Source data

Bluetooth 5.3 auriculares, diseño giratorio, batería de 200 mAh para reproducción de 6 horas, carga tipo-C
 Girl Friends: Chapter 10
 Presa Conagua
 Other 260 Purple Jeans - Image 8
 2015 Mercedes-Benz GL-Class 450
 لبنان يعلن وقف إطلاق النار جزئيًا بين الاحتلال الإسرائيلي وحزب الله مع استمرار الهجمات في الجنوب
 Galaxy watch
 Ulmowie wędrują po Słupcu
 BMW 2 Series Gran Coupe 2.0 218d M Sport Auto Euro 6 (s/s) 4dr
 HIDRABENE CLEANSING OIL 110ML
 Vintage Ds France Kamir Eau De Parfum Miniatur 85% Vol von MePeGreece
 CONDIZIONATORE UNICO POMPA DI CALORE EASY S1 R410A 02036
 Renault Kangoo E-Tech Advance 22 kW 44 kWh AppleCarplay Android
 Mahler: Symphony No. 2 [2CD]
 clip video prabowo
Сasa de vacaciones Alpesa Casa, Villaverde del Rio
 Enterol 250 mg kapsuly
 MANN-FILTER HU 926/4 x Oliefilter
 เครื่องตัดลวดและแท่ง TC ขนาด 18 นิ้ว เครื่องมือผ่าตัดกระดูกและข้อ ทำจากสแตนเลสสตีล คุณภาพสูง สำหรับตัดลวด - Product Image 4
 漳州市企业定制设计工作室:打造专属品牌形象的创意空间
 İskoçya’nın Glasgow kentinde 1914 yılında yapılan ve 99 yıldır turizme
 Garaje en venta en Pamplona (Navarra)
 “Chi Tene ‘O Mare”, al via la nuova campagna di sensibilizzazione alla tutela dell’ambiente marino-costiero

→ **What you will do**
Reproduce exactly the lines above from the line with "CONDIZIONATORE UNICO POMPA" to the line with "İskoçya’nın Glasgow kentinde", including both, and add nothing.

→ **Solved problem**
 CONDIZIONATORE UNICO POMPA DI CALORE EASY S1 R410A 02036
 Renault Kangoo E-Tech Advance 22 kW 44 kWh AppleCarplay Android
 Mahler: Symphony No. 2 [2CD]
 clip video prabowo
Сasa de vacaciones Alpesa Casa, Villaverde del Rio
 Enterol 250 mg kapsuly
 MANN-FILTER HU 926/4 x Oliefilter
 เครื่องตัดลวดและแท่ง TC ขนาด 18 นิ้ว เครื่องมือผ่าตัดกระดูกและข้อ ทำจากสแตนเลสสตีล คุณภาพสูง สำหรับตัดลวด - Product Image 4
 漳州市企业定制设计工作室:打造专属品牌形象的创意空间
 İskoçya’nın Glasgow kentinde 1914 yılında yapılan ve 99 yıldır turizme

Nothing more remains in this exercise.